ECB's Draghi hails note deal

European Central Bank President Mario Draghi testifies before the Committee on Economic and Monetary Affairs at the European Parliament in Brussels today. Photograph: Eric Vidal/Reuters

European Central Bank President Mario Draghi testifies before the Committee on Economic and Monetary Affairs at the European Parliament in Brussels today. Photograph: Eric Vidal/Reuters

Mon, Feb 18, 2013, 00:00

European Central Bank president Mario Draghi said today the promissory note deal was a "positive" step for Ireland, despite reservations from Germany’s Bundesbank.

The accord, which will see the promissory notes exchanged for long-term bonds held by the Central Bank, will ease Ireland's borrowing needs by up to €20 billion over the next decade.

Speaking at a meeting of the Economic and Monetary Affairs Committee of the European Parliament this afternoon, Mr Draghi said the deal will be reviewed by the ECB in its annual assessment later this year. Mr Draghi said the disposal of the bonds in a way that ensures "compatibility with financial stability" would be "crucial" to Ireland’s restructuring.

He  said the opportunity has "not necessarily" passed to object to Ireland's deal. "We will assess the compliance with Article 123 at the proper opportunity," Mr Draghi told European lawmakers in Brussels today, referring to a prohibition on central banks financing governments. "If it does not" comply "we will see what legal remedial action needs to be taken," he said.

Former ECB executive Jürgen Stark has joined Bundesbank criticism of Ireland, describing the new promissory note arrangement as a clear breach of the bank’s prohibition of monetary financing.

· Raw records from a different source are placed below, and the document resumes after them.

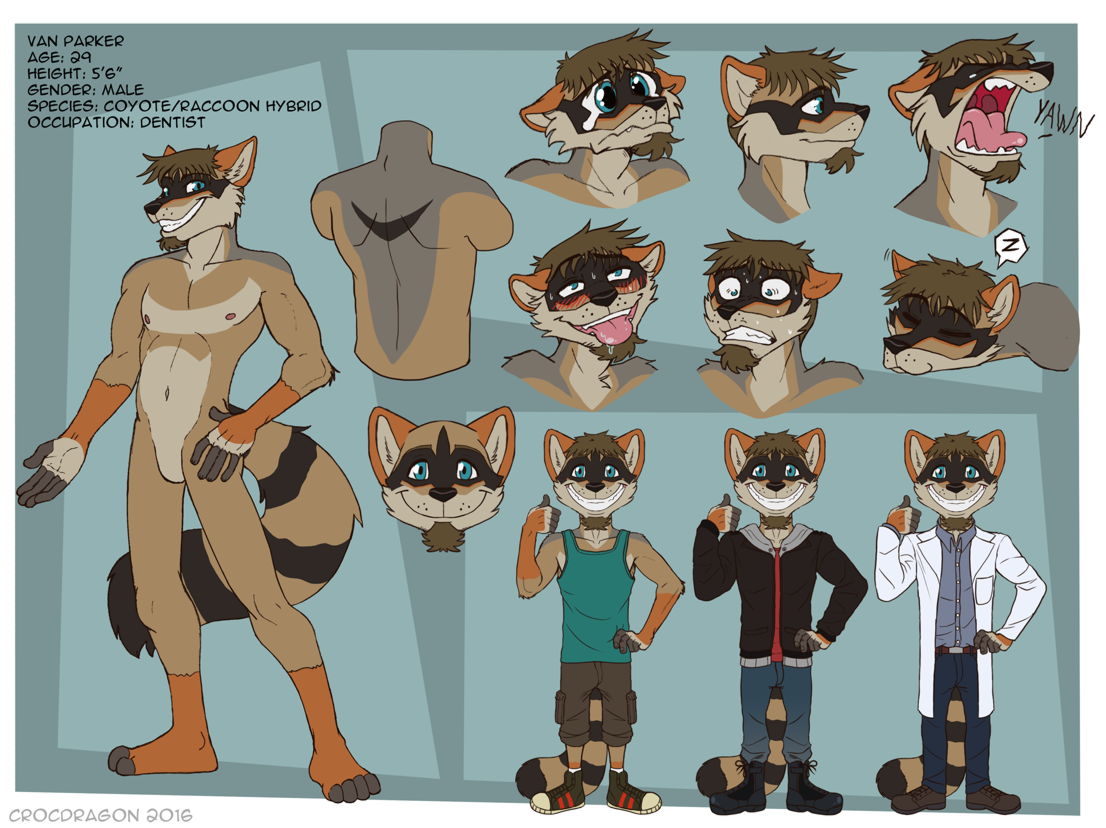 DomieNeek - Sly 5_Sly Cooper_Character_Sheet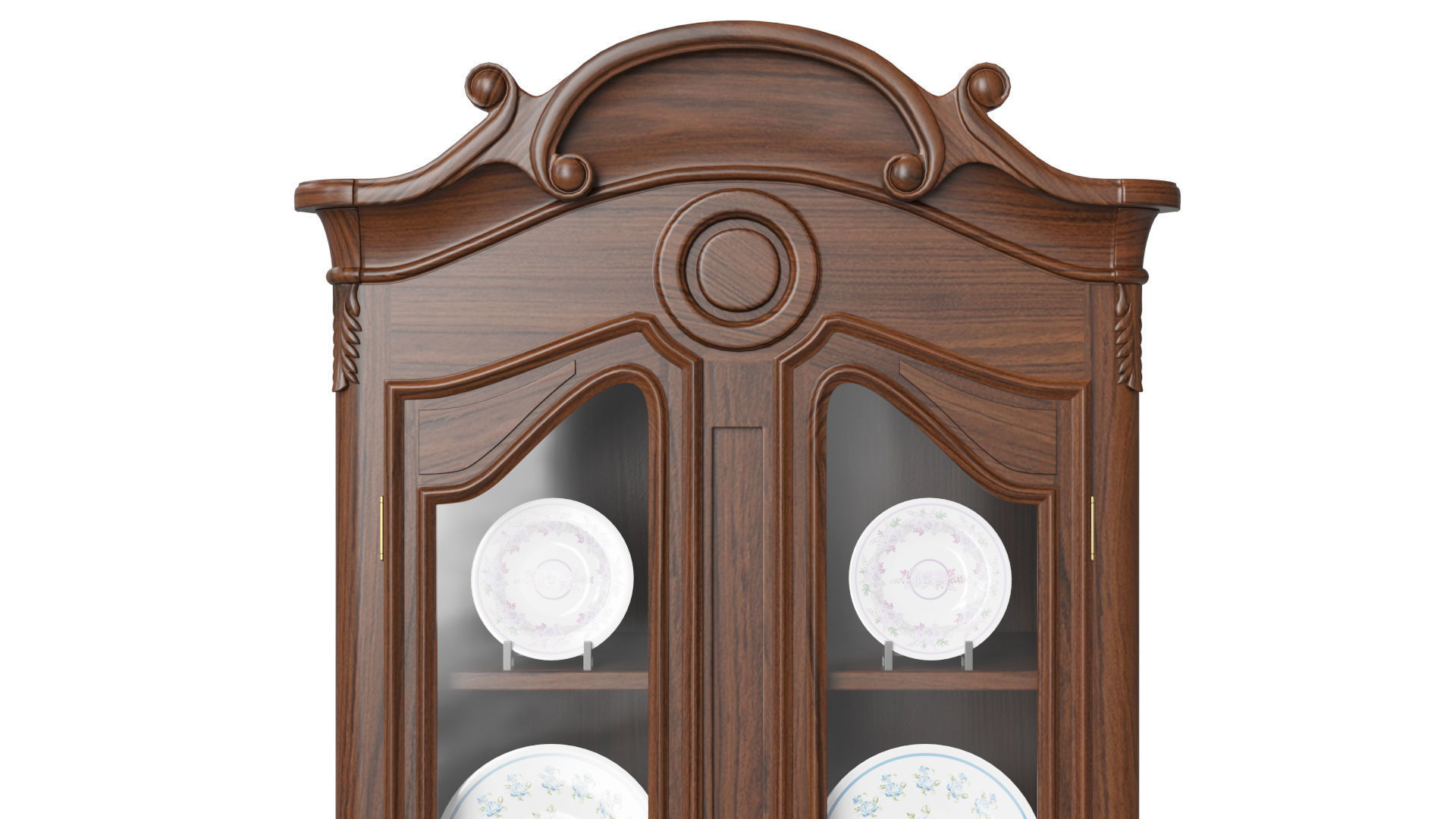 Showcase in classic style 750 3D model_1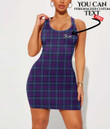 Women's Bodycon Dress - Purple Tartan Plaid Violet Tartan A7 | 1stIreland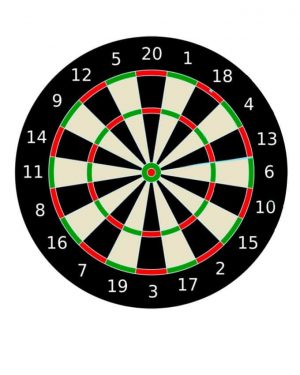 Classic 17 Double Sided Original Dart Board Game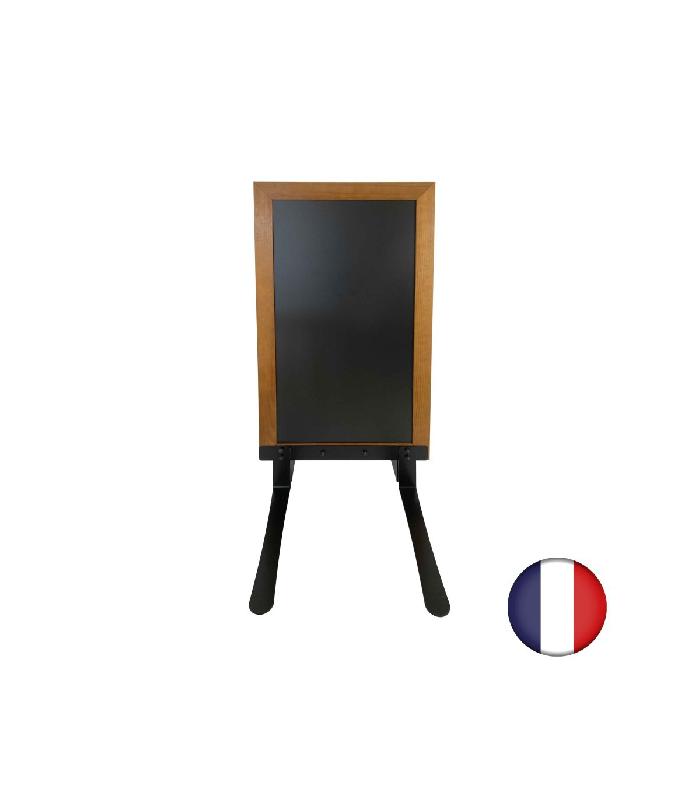 Panneau trottoir cadre bois sur piétement noir effet ressorts - Dimensions 124 x 63,5 cm - Référence : PFN733CH_1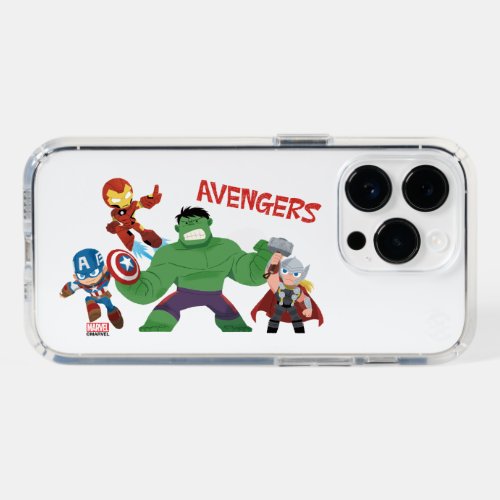 Guri Hiru Avengers Action Group Speck iPhone 14 Pro Case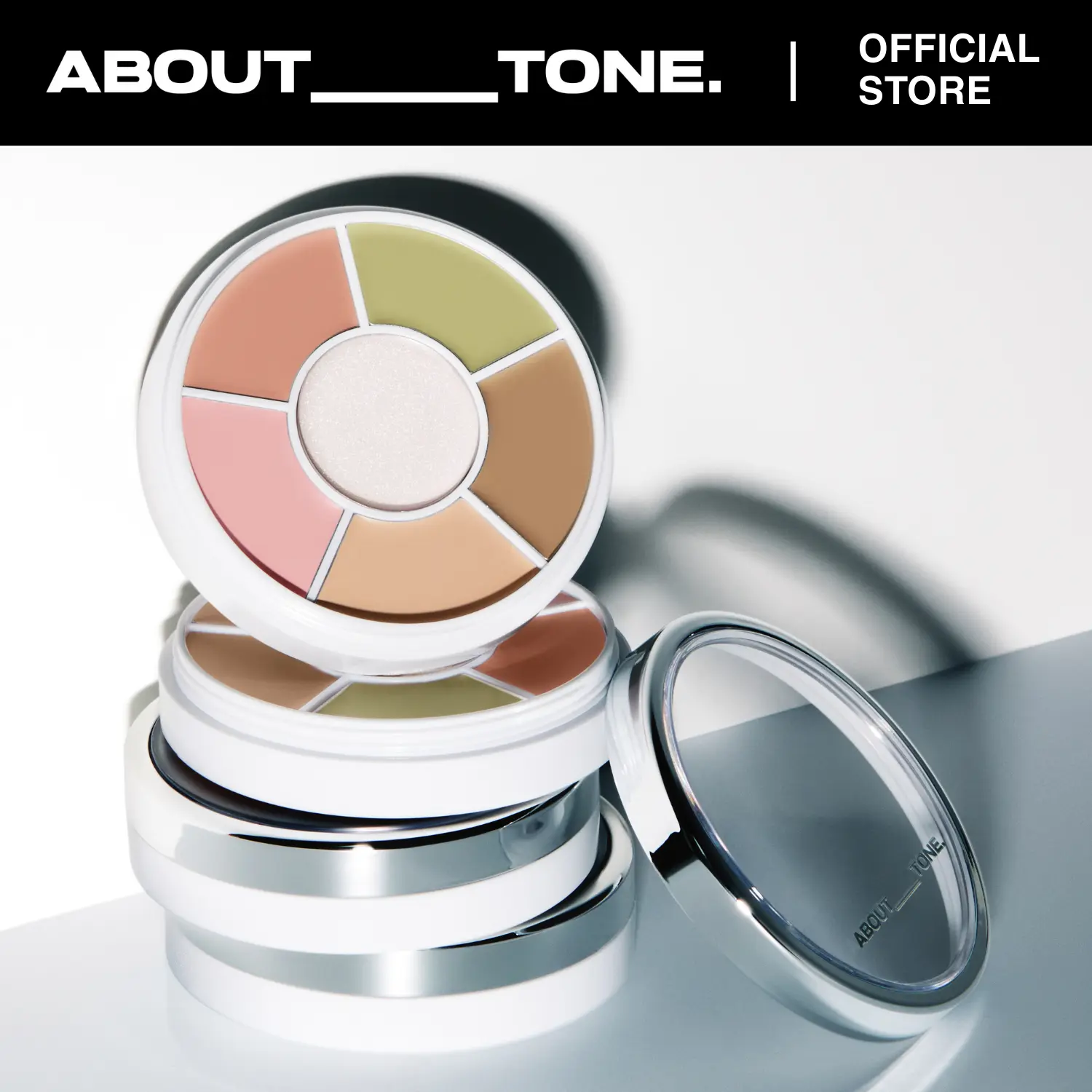 Korean Cosmetic   Designing   Multi-Function Palette - Smooth, Compact, Beige, Long-Lasting, High-Adherence, Full-Coverage Concealer, Corrector, Highlighter, Contour for Dark Circles, Blemishes, Redness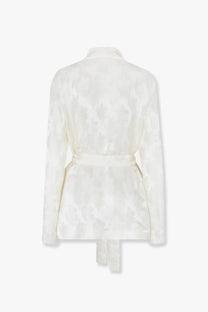 Fendi Women's Jacquard Silk Blazer White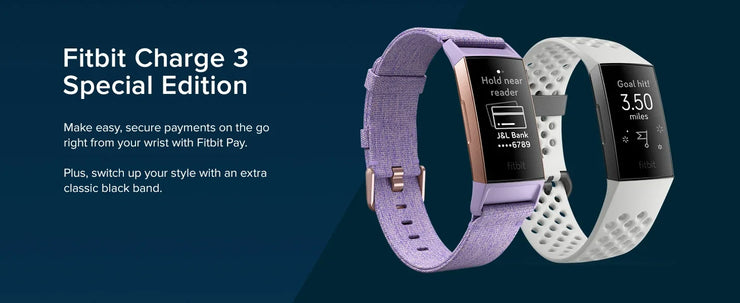 Fitbit Charge 3 Fitness Activity Tracker| Contour Fitbits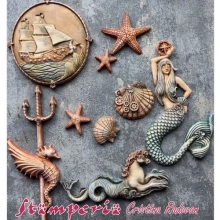 Soft Mould A4 Stamperia - Songs of the Sea - Over the Sea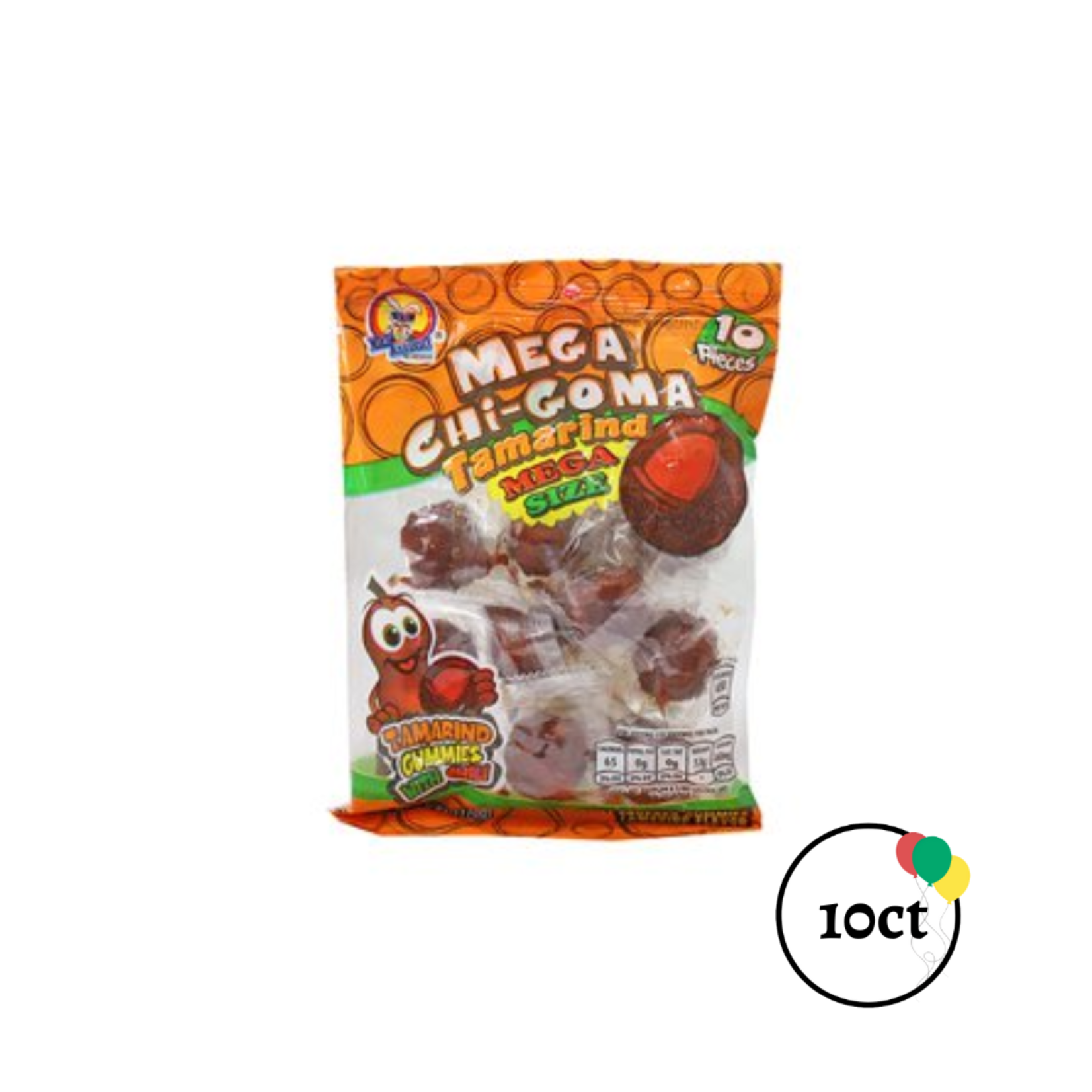 El Azteca Azteca Chi-Goma Tamarindo 10ct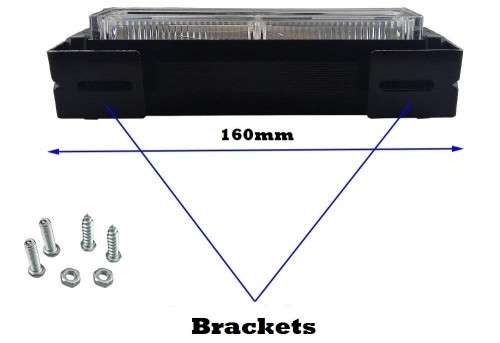 Amber + White COB LED Emergency Warning Flash Cluster Strobe Grille Lights 12V. Collections Allowed.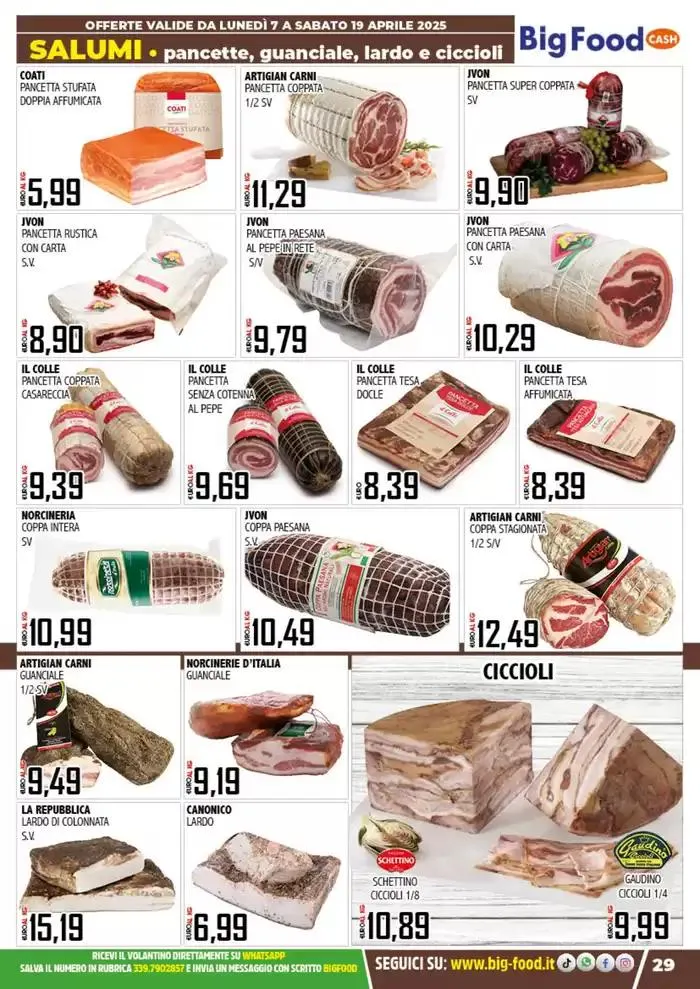 Buona Pasqua da 7 aprile a 19 aprile di 2025 - Pagina del volantino 29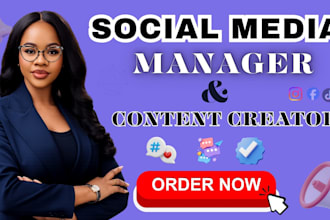 be your social media marketing manager content creator and social media expert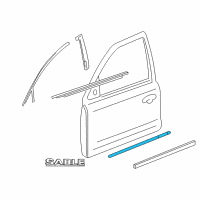 OEM 2005 Ford Five Hundred Upper Molding Diagram - 5G1Z-5420879-BAPTM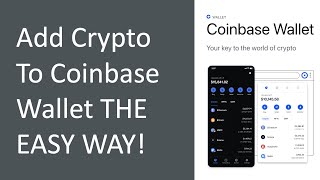 How To Add Crypto To Coinbase Wallet - the easy way! | Coinbase Pay Tutorial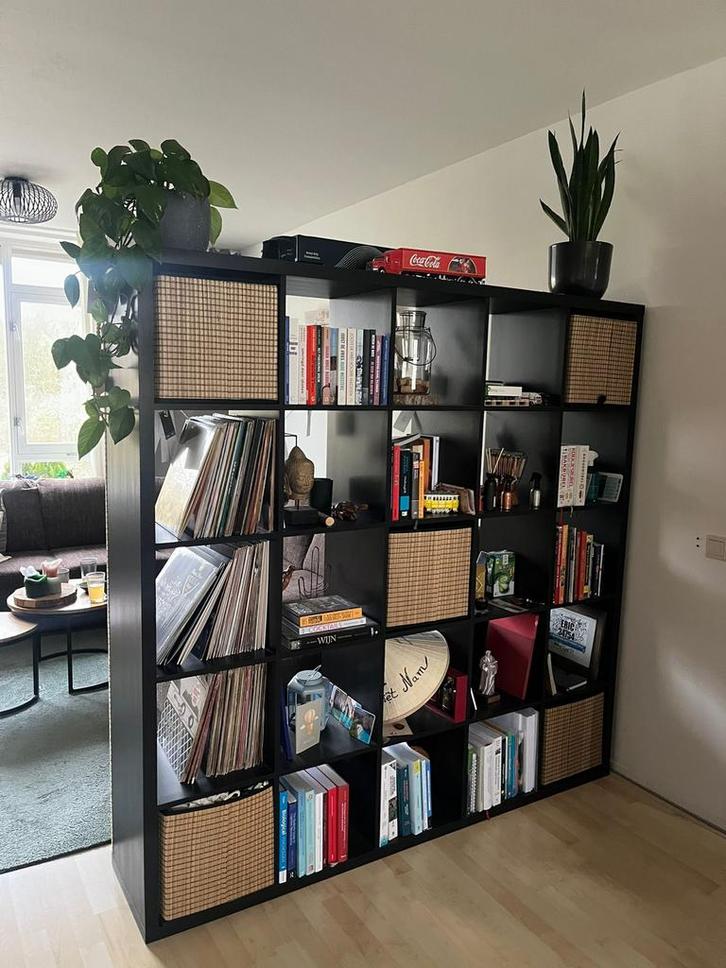 Ikea Kallax Kast - Redelijke Staat, Huis en Inrichting, Kasten | Boekenkasten, Gebruikt, 100 tot 150 cm, Minder dan 100 cm, 25 tot 50 cm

Dr Stark’s criticism follows fresh criticism from the Bundesbank in its monthly report yesterday that the deal underlines “increasingly stronger and more problematic inter-linkage between monetary and fiscal policy in the European monetary union”.

These arguments reflect a long-term fear of German monetary hawks that the ECB, in its efforts to assist in resolving the eurozone crisis, has broken its own rules, compromised its
independence and made itself beholden to politicians.

Dr Stark said yesterday the arrangement with Ireland was a further demonstration of “the ECB’s new understanding of crisis management”.

“The ECB’s contractual basis and core mandate shift further into the background,” he wrote yesterday in “Die Welt” daily.

Earlier, the Bundesbank said the involvement of the Irish Central Bank in the promissory deal is “problematic”. In its monthly report, the German central bank highlighted what it described as "the increasingly stronger and more problematic inter-linkage between monetary and fiscal policy" in the European monetary union.

"The European Stability Mechanism, which should be responsible in this regard, has been established to provide any help to individual member states in servicing debt," it said. It highlighted what it described as "the increasingly stronger and more problematic inter-linkage" between monetary and fiscal policy in the European monetary union. "The European Stability Mechanism, which should be responsible in this regard, has been established to provide any help to individual member states in servicing debt," it said.

Meanwhile, Minister for Social Protection Joan Burton dismissed suggestions that the deal is in danger of unravelling, saying it was “generally recognised” that the agreement was helpful to Ireland and the European Union.  She also reiterated that savings from the deal should be availed of this year despite resistance from the troika to any such move.

The Government is facing resistance from the troika against any move to use gains from the Anglo Irish Bank promissory note deal to soften next year’s budget.

“I think the troika, no more than myself, must be very, very aware of the difficult news that unemployment in the euro zone countries is at 11 per cent and overall in the EU at 10 per cent. They are shockingly high figures, and in Ireland it’s 14.6 per cent,” Ms Burton said in Dublin this morning.

"The critical thing is the promissory note deal gives Ireland a small bit of extra leeway in relation to helping people get back to work and I would like to see the Budget framed in the context of helping people get back to work, and we have that bit of extra leeway from the promissory note deal.”